(GIVEN DATA begins)

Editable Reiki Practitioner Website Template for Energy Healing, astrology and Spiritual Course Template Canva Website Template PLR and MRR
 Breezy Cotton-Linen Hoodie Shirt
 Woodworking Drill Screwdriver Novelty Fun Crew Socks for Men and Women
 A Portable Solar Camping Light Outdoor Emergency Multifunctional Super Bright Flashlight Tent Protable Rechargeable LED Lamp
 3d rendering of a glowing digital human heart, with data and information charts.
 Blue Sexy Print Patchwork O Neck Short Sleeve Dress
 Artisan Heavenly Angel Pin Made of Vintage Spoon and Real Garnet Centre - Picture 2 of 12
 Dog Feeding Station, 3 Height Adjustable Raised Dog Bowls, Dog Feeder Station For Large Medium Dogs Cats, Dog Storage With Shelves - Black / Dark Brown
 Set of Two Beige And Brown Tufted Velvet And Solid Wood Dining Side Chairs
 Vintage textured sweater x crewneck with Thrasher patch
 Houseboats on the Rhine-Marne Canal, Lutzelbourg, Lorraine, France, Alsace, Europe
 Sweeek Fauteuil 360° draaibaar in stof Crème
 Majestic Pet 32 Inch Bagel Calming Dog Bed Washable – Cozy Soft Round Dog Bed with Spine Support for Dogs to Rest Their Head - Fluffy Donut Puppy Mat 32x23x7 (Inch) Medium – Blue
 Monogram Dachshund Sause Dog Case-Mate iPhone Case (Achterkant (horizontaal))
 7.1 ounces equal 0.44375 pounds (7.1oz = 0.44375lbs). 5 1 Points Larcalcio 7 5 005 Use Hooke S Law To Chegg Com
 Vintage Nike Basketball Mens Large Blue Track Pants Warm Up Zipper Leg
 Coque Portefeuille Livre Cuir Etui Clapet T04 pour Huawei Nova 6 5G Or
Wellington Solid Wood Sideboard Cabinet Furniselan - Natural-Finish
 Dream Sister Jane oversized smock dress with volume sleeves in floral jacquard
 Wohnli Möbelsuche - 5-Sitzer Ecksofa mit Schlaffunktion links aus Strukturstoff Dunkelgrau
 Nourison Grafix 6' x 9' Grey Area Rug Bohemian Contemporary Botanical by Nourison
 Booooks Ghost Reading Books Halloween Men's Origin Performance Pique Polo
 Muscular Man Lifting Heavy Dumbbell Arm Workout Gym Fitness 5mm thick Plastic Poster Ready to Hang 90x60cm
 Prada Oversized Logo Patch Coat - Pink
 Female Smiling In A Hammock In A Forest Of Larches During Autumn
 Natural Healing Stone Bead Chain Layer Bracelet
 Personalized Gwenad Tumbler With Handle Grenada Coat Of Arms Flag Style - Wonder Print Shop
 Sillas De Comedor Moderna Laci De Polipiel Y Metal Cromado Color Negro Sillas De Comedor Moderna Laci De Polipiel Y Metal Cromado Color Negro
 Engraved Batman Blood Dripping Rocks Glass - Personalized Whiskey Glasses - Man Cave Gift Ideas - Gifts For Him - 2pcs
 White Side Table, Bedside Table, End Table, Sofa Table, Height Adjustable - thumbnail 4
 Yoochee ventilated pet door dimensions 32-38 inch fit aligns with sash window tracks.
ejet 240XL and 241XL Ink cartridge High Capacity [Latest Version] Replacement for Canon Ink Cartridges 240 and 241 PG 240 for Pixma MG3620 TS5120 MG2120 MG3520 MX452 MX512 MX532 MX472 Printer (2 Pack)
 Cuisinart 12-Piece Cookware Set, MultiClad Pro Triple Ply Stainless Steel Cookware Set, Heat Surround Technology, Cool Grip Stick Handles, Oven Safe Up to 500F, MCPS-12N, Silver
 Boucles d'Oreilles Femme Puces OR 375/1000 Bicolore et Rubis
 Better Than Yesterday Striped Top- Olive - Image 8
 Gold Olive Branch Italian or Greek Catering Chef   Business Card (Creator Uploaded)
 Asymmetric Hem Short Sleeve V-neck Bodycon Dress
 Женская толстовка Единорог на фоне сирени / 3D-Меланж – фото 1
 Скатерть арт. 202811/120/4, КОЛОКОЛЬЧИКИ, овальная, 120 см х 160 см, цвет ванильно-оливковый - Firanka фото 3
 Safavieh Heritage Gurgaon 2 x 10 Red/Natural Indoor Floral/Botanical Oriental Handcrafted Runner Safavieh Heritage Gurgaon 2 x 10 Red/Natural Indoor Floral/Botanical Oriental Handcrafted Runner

(GIVEN DATA ends)

_EXERCISE DIRECTIONS_
All lines from the line containing "Boucles d'Oreilles Femme" through the last line of the data are to be repeated exactly; no other line belongs in the answer.

_EXERCISE ANSWER_
 Boucles d'Oreilles Femme Puces OR 375/1000 Bicolore et Rubis
 Better Than Yesterday Striped Top- Olive - Image 8
 Gold Olive Branch Italian or Greek Catering Chef   Business Card (Creator Uploaded)
 Asymmetric Hem Short Sleeve V-neck Bodycon Dress
 Женская толстовка Единорог на фоне сирени / 3D-Меланж – фото 1
 Скатерть арт. 202811/120/4, КОЛОКОЛЬЧИКИ, овальная, 120 см х 160 см, цвет ванильно-оливковый - Firanka фото 3
 Safavieh Heritage Gurgaon 2 x 10 Red/Natural Indoor Floral/Botanical Oriental Handcrafted Runner Safavieh Heritage Gurgaon 2 x 10 Red/Natural Indoor Floral/Botanical Oriental Handcrafted Runner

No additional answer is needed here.